The paper fan shape. I’m only just discovering it—laggard as usual—and there are some beautiful possibilities. Have our historians, has David Lister or Joan Sallas, written yet a history of the Fan? Surely it goes back a long, long ways; it must be one of origami’s most primitive forms.
For me there’s a joyful simplicity and symmetry to the Fan that stands for some of origami’s fundamental, natural qualities. The strong lines that soften as they widen, the hard folds turning into curves, leading finally at the extremity to the cut-edge, normally fragile and still reminiscent of fragility but now held taut, at attention. Rapt.
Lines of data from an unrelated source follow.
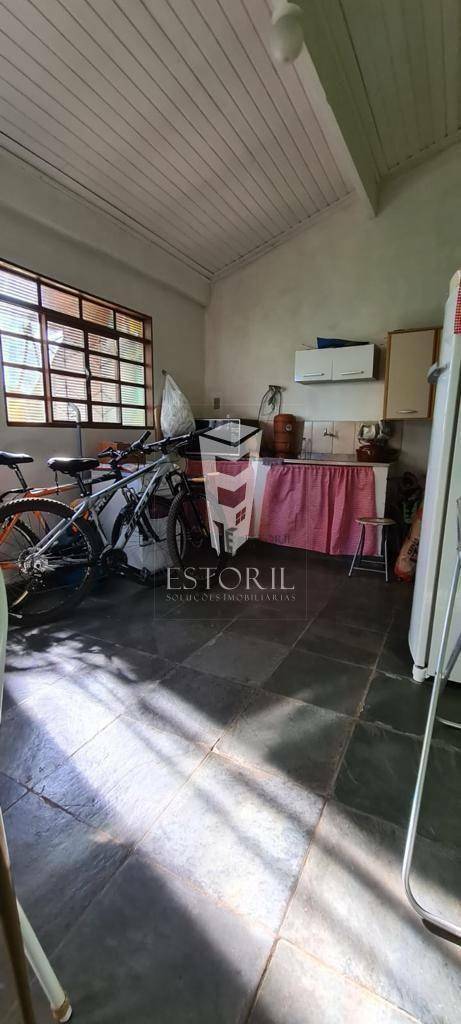 Casa à venda com 4 quartos, 200m² - Foto 8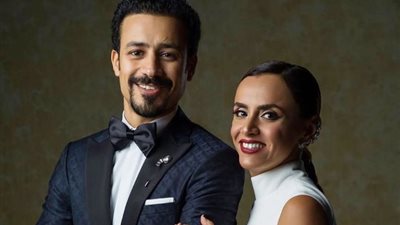 بوسة حلوة أوي.. علا رشدي تعلق على مشهد زوجها مع منة شلبي في 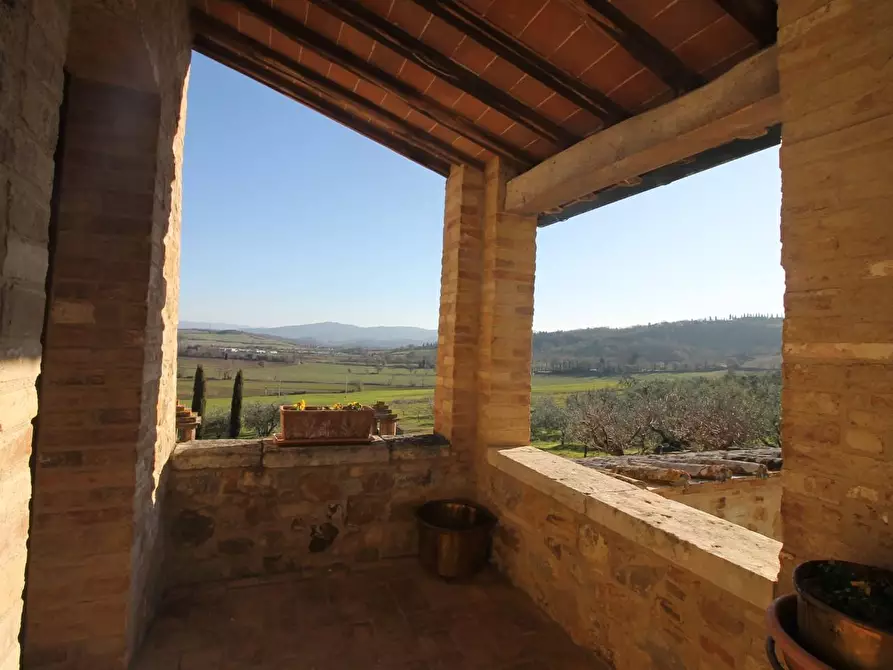 Immagine 9 di Casa colonica in vendita  a Casole D'elsa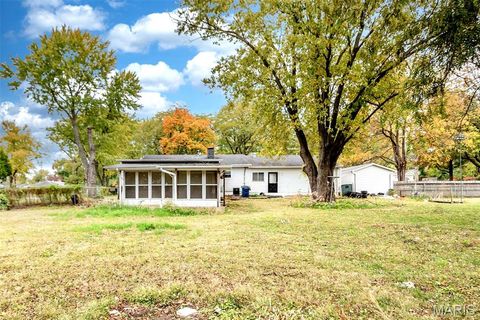 Tiny photo for 311 Utz Lane, Hazelwood, MO 63042 (MLS # 26030670)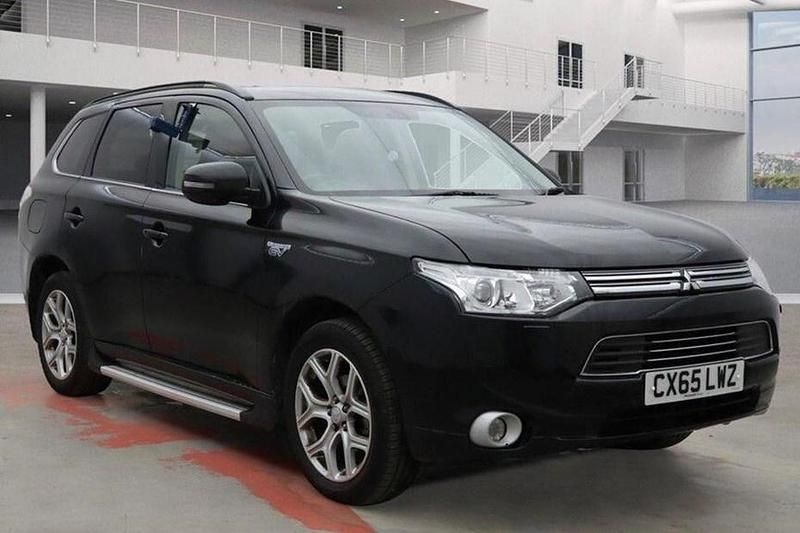 Used 2015 Mitsubishi Outlander P-HEV | £10,990 (Fair price) - Image 1/1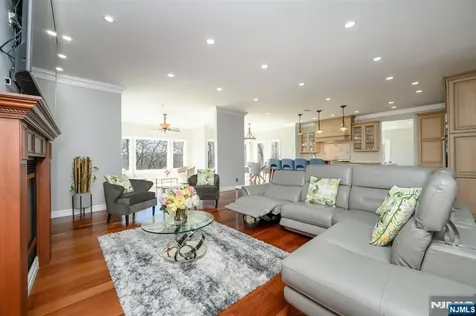 47 Wilson Avenue Woodland Park NJ 07424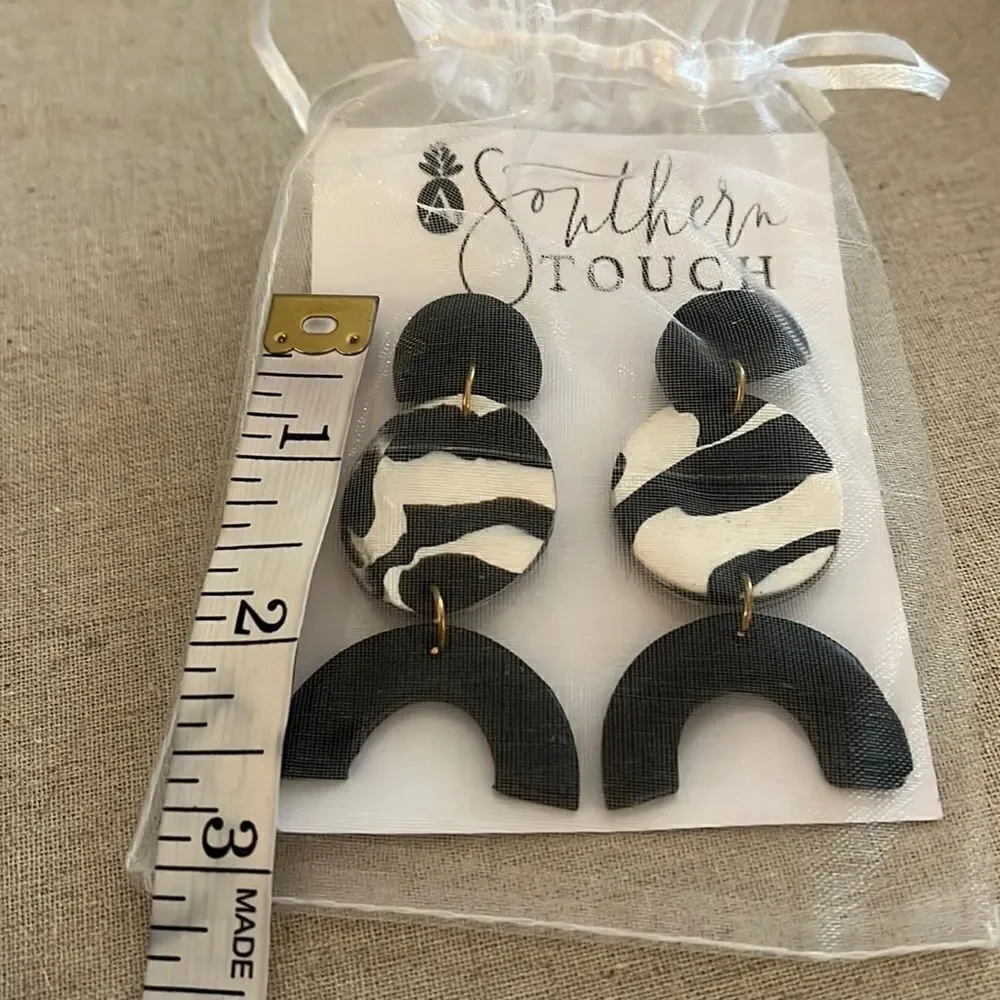 New A Southern Touch Clay Black and White Lightweight Earrings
The joy here is something of a child’s joy—the sunburst form—but also that of adult, robust sexuality. Birds with their fan tails were there first and have claimed the field. Women—geishas, courtiers and coquettes, hiding glances behind the fan, or adding a bird-like ornament behind a head’s careful coiffure—were quickly catching up from the rear, while the fashion lasted. That a fan can be angrily snapped shut, the show closed in an instant and you left gaping & wondering--well that’s part of the deal. Timing is everything. Act now on the allure—or live forever in regret.
Since it suggests paperiness and primal joy, as usual I’m thinking how the Fan can be combined and contrasted with techniques and materials that have an opposite quality (those that suggest stoniness, mass). Let’s wait a little though on results.